I can't comment much about the new movie The Social Network because I haven't yet seen it, but from reviews it sounds like the founder of Facebook, Mark Zuckerburg, took someone else's idea and muscled out a co-founder, fellow friend and financier in the process. Yet to many in today's generation that is merely good business. It made him billions right? There is no moral dilemma here when it involves making money, but to what end?

I think the issue for a lot of younger people hearing about morals and ethics is that they believe someone is preaching to them about religion. We live in a day and age where we can research anything we want to ourselves. We don't need someone pushing their ideals upon us. Who are they anyways? The role model becomes the one who is successful not the one who is condemning the one who is successful. They are just envious. They didn't have the drive themselves. In order to be successful we have to bend the rules a little, or a lot, and who's rules were they anyways? They were written ten years ago. We live in a different age and the Internet has changed everything. There are new rules. Oh wait, there aren't. They are the same rules, just shorter attention spans, and less desire to follow them.

I'm guilty of it. I blurred the line in my job before. I tight roped the line of ethical and unethical. I turned the black and white a beautiful shade of gray. There were days when I did things I wasn't proud of. I justified my decisions for doing so by the fact that everyone was doing it and more blatantly. I was "more" ethical and  still completely unethical. Yet in my mind I wasn't doing anything wrong. I justified it by comparing myself to someone that was far worse off. I can't be that bad...I didn't shoot anyone. We can push that boundary further and further out. If we know it's wrong, it's wrong. It doesn't matter how we spin it. But in life we have to do this sometimes right?

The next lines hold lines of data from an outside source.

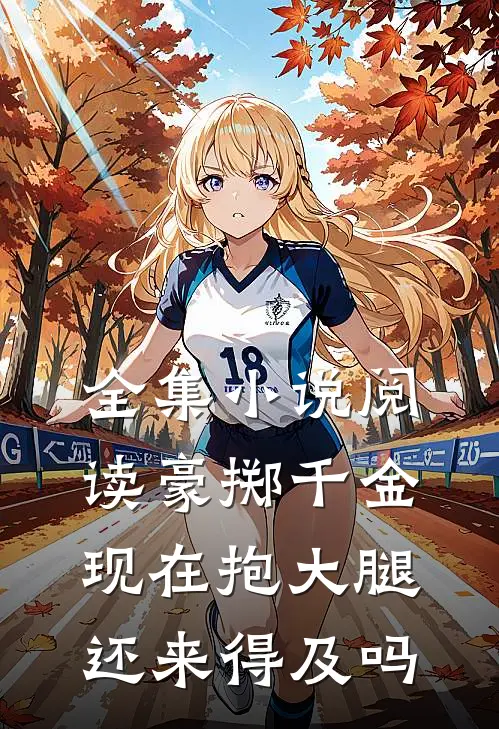 全集小说阅读豪掷千金：现在抱大腿还来得及吗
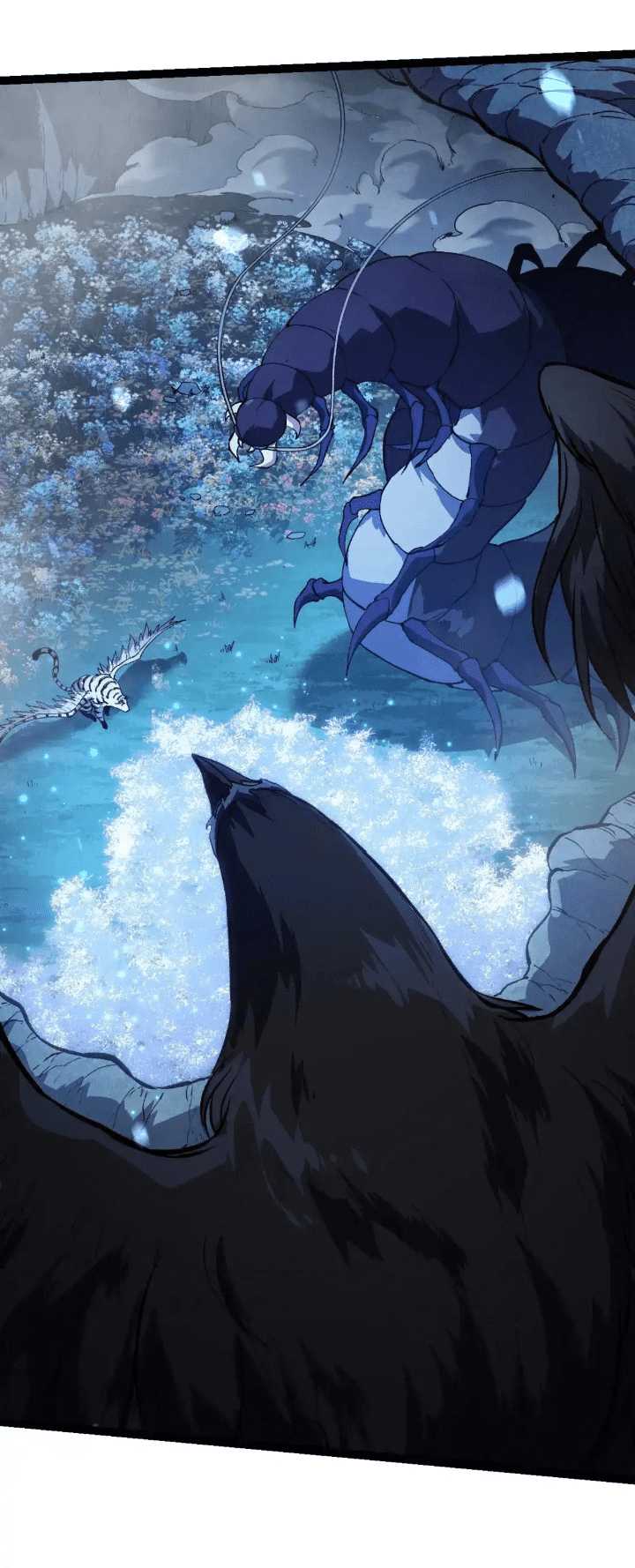 Evolution Begins With A Big Tree Chapter 173 Gambar 7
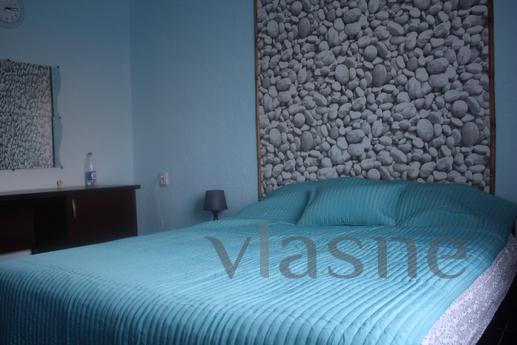 looking great home for your holiday, Krasnodar - günlük kira için daire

If anything this re-shifting of our economy should wake us up to the decisions that led to it. I worked in some industries that are responsible and saw this thing coming like a freight train in 2005. It was inevitable, but I needed a paycheck. I wasn't the culpable party because I was just an order taker. I didn't directly sell to anyone, but I knew it was dirty. It was like driving the car for a drug dealer. You know he's dealing, just because you aren't doesn't mean you aren't guilty too. A lot of smarter men then me should carry more of the guilt but they cashed out already. Maybe they wrote the new rules.